* [Given data]:
'''
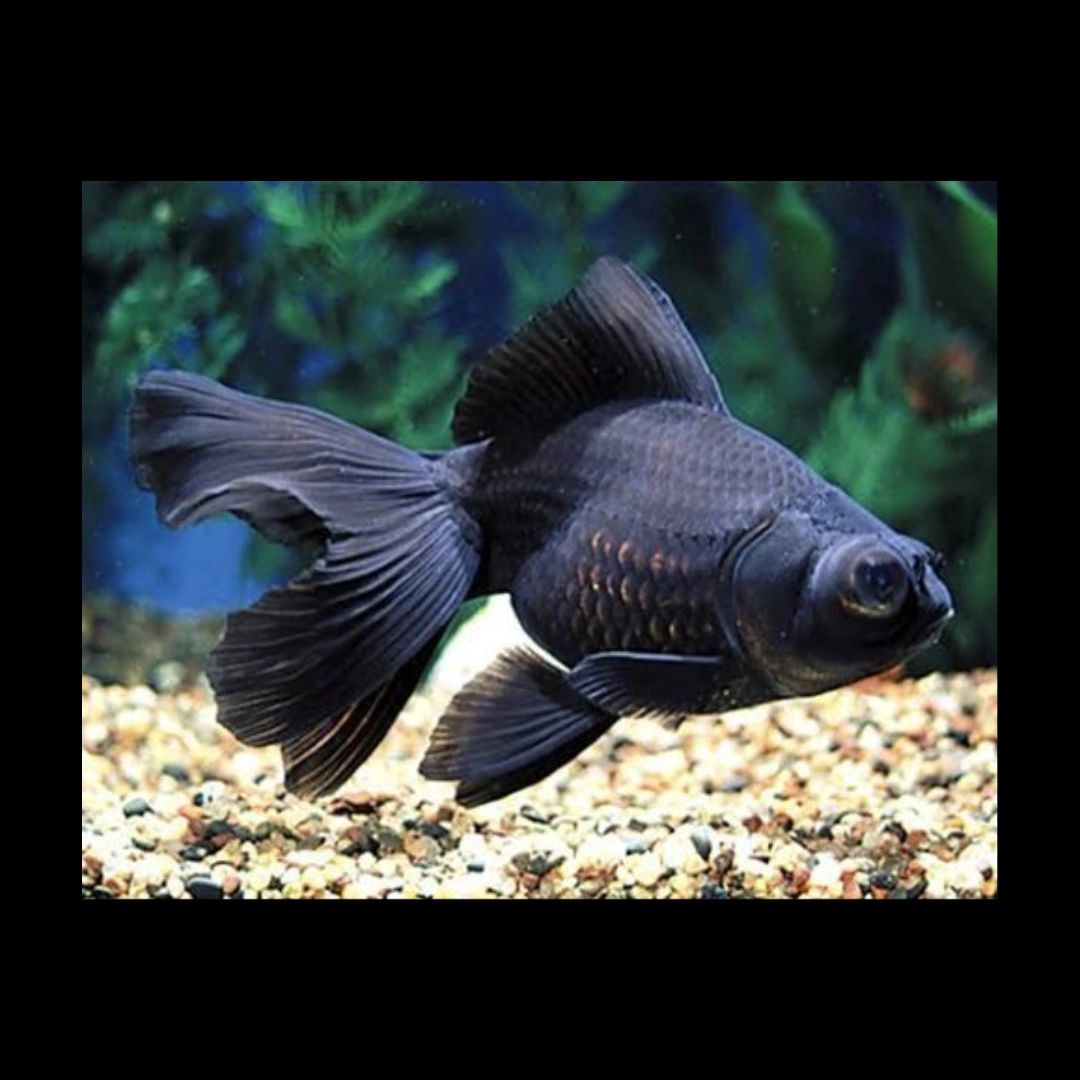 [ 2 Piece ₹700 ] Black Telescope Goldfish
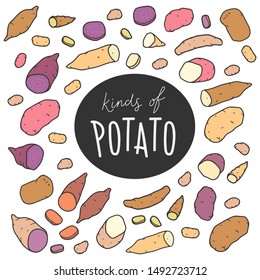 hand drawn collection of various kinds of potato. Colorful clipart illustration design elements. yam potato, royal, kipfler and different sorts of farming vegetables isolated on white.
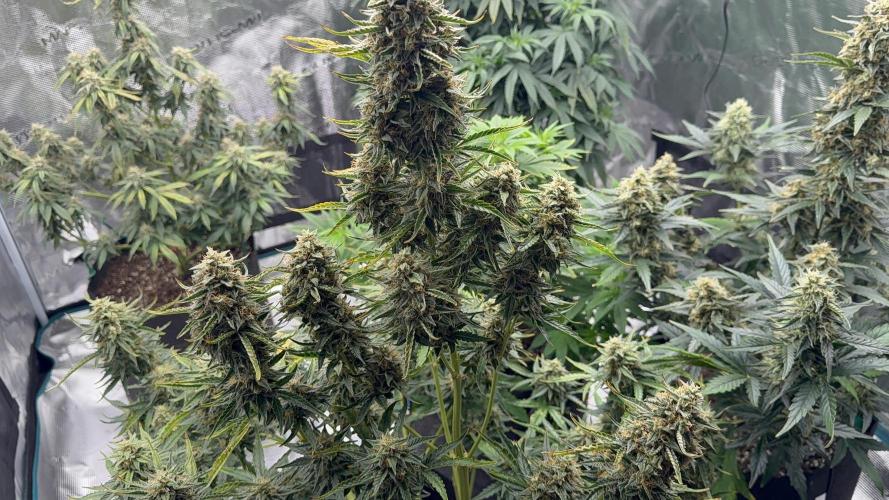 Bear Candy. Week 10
'''
* [Your assignment]:
The pictures in the data should be omitted, and every remaining line set down exactly.

* [Task result]:
 [ 2 Piece ₹700 ] Black Telescope Goldfish
 hand drawn collection of various kinds of potato. Colorful clipart illustration design elements. yam potato, royal, kipfler and different sorts of farming vegetables isolated on white.
 Bear Candy. Week 10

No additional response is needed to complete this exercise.